Paul KLEE

Münchenbuchsee 1879 - Muralto 1940

Biography



‘Klee was a gardener in a little piece of paradise. Under his direction his charges blossomed beautifully, full of harmony and grace. His motifs seem to develop with consummate ease, almost – it would seem – of their own accord, and whatever basic note he strikes, his colours contrast in such a way that their sound blends in inevitable harmony. Even when he compresses his pictorial resources to the utmost, he never slips into anything uncontrolled or random. Klee formulates subtly sensitive offerings for the viewer’s eye, offerings so cautious and gentle that they readily elide consumption in this day and age. Paul Klee’s art demands undivided attention – and it is also capable of opening ones eyes to something that lies beyond the image itself.’ (Roland Doschka)

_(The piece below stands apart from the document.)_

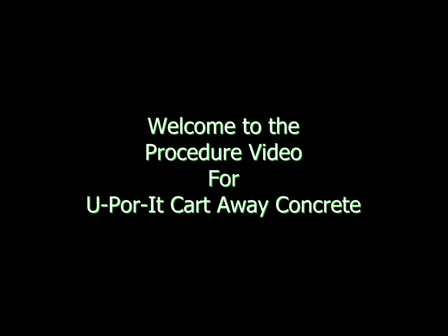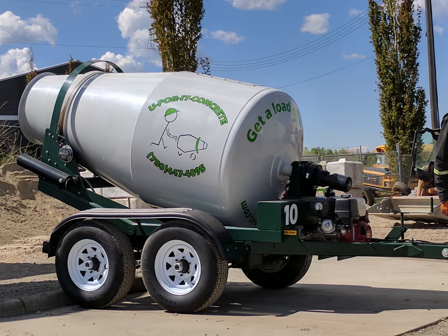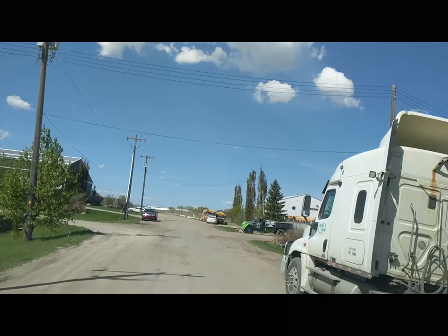This is a step-by-step process of renting our trailers and buying our concrete. The first step of the procedure is going to be booking an appointment and a trailer over the phone.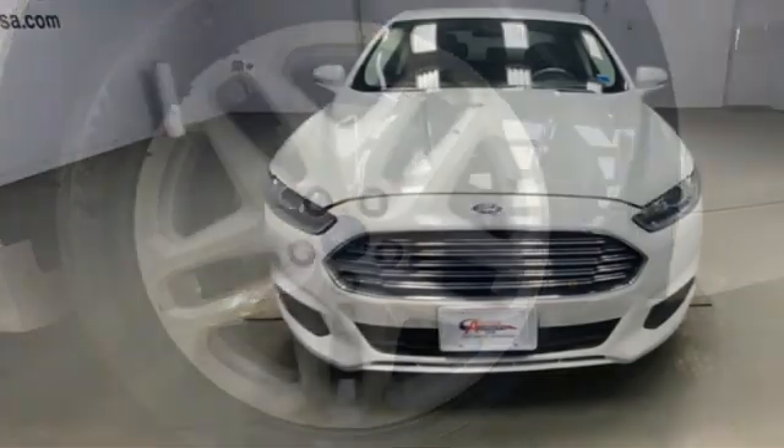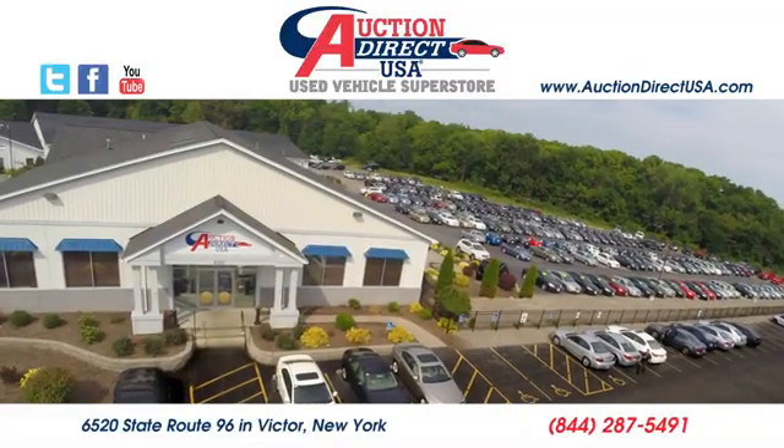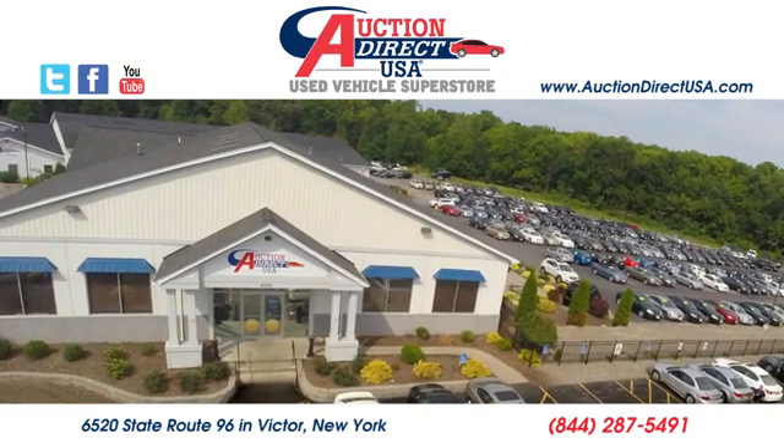Someone's going to drive this fantastic vehicle off the lot. It should be you. Test drive it today. Visit today. We're conveniently located at 6520 State Route 96 in Victor, New York.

A painter, draughtsman and writer, Paul Klee was born near Bern and studied in Munich under Franz von Stuck. His first independent works date from around 1903, and three years later he settled in Munich, where he met Wassily Kandinsky and became a member of the Neue Künstlervereinigung (New Artist’s Association) and the Blauer Reiter (Blue Rider) group. He had his first one-man exhibitions at Herwarth Walden’s Berlin gallery Der Sturm in March 1916 and February 1917, the success of which established his reputation. Shortly after leaving military service in 1919, Klee signed an exclusive sales contract with the Munich dealer Hans Goltz. In May and June of 1920 Goltz mounted the first substantial exhibition of Klee’s work in his Galerie Neue Kunst in Munich. This was followed in 1923 by another major exhibition of Klee’s work, numbering 270 works, at the Nationalgalerie in Berlin. Appointed to a teaching post at the Bauhaus in Weimar in 1920, Klee continued to work there with the move of the school to Dessau in 1925.

An exhibition of Klee’s work at the newly opened Museum of Modern Art in New York in 1930 cemented the artist’s reputation outside Germany. In 1931 Klee resigned from the Bauhaus to take up a position as professor of painting at the Düsseldorf Akademie, a post he only held for two years before being banned from teaching - as a ‘degenerate artist’ - by the Nazis in 1933. By the end of that year he had moved to Bern in Switzerland. Although Klee produced relatively little work between 1934 and 1936, another large exhibition was mounted at the Kunsthalle in Bern in 1935. The same year he began showing signs of scleroderma, the disease that would eventually kill him five years later. Klee died in June 1940 at the age of sixty-one, three months after the closing of a final major solo exhibition, devoted to his late work of the previous five years, at the Kunsthaus in Zürich.